Especial Biodiesel

Estado e mercado podem reinventar o papel das cooperativas no Programa de Biodiesel

Associações de agricultores que participam do Programa do Biodiesel avaliam que aprimoramento do relacionamento com governo e empresas pode gerar cenário mais positivo
Por Antonio Biondi
 03/10/2014

Nem tanto ao Estado, nem tanto ao mercado. Um mergulho na realidade atual das cooperativas que participam do Programa Nacional de Produção e Uso do Biodiesel (PNPB) demonstra que a situação das associações ainda pode melhorar – e muito. Para isso, tanto o Estado quanto o mercado podem aprimorar vários aspectos de sua atuação no programa e de seu relacionamento com as cooperativas, gerando um cenário mais positivo para todos.

A Repórter Brasil viajou por três regiões do país, visitando cooperativas nos estados de Goiás, Rio Grande do Sul, Piauí e Mato Grosso, a fim de conhecer melhor a realidade das cooperativas ligadas ao PNPB. A escolha das cooperativas partiu da lista das 105 associações apresentadas como habilitadas no programa em dezembro de 2013. Os estados foram escolhidos a partir do número de cooperativas habilitadas (casos do Rio Grande do Sul, com um total de 48 cooperativas habilitadas no momento inicial da pesquisa, e de Goiás, com surpreendentes 11 cooperativas), pela liderança na agricultura nacional (caso do Mato Grosso) e pelo papel emblemático desempenhado no PNPB – caso da Cooperativa Santa Clara, no Piauí.

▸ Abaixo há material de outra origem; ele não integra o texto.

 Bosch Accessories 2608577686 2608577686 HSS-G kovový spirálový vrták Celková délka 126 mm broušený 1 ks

Ao longo da pesquisa, a reportagem esteve na sede da Coomafa, Cooperativa Mista dos Agricultores Familiares de Amaralina (GO). O presidente da associação, Anasor Ferreira, explica que a cooperativa atua com base em dois assentamentos, organizados a partir da atuação da Contag e da Fetaeg. O Projeto de Assentamento Água Fria conta com 157 famílias e o Zebulândia com 40. A Coomafa tem no leite seu principal produto.

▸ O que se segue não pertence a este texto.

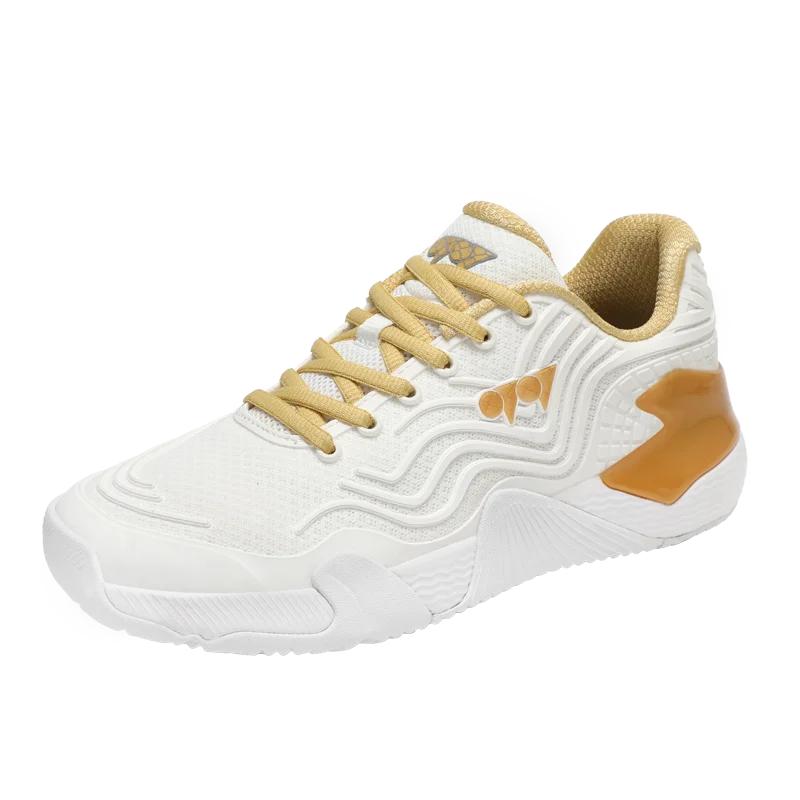 

Новые повседневные кроссовки для бадминтона дышащие и нескользящие мужские и женские легкие спортивные кроссовки для настольного тенниса кроссовки для тренировок по теннису 45 небесно-голубой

As terras que deram origem aos dois assentamentos eram da família Braguetto: a posse da fazenda Zebulândia foi conquistada em 1996, sendo que o assentamento manteve o nome original. Já as fazendas de Araras e Marupiara tiveram sua posse conquistada pelos movimentos em 2001, dando origem ao Água Fria.

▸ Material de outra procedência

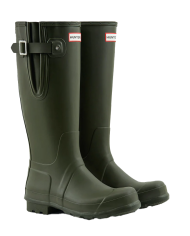 Hunter Men's Original Tall Dark Olive Boots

A cooperativa produz cerca de 4 mil litros de leite por dia, além de cultivar em torno de mil hectares de gergelim, que vai para São Paulo, de onde é exportado para a China e outros países. Além disso, há também o gado de corte, vendido na própria região. A fazenda Cristo Rei, uma das principais da região, fica ao lado da sede da Coomafa, e está arrendada para uma empresa norte-americana, que plantou nesta safra 1.800 hectares de soja.

A Coomafa foi registrada em 2008, contando com somente 21 sócios no início. Anasor Ferreira afirma que a cooperativa ainda enfrenta muitas dificuldades, carecendo de maior incentivo por parte do governo. “Ainda temos muita dificuldade com o atravessador. Tudo isso foi motivo para criarmos a cooperativa.”

Joaquim Roberto Lino Teixeira é inspecionista rural da Emater de Itaberaí (GO) desde 1993. Além disso, foi um dos fundadores da Cooperativa Agropecuária dos Produtores Rurais de Itaberaí (Coapri), da qual foi seu primeiro presidente. Sob suas gestões, a Coapri chegou a se dedicar por alguns anos ao PNPB, mas atualmente trabalha, sobretudo, com a merenda escolar, por meio do PNAE, o Programa Nacional de Alimentação Escolar.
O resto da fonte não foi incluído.